### WHAT THE EXERCISE ASKS
The entire listing below needs to be transcribed word for word.

### DATA PROVIDED
══════════════════════════════
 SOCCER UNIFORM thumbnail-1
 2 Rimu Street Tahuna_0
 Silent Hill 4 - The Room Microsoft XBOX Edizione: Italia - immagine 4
══════════════════════════════
### TASK OUTPUT
 SOCCER UNIFORM thumbnail-1
 2 Rimu Street Tahuna_0
 Silent Hill 4 - The Room Microsoft XBOX Edizione: Italia - immagine 4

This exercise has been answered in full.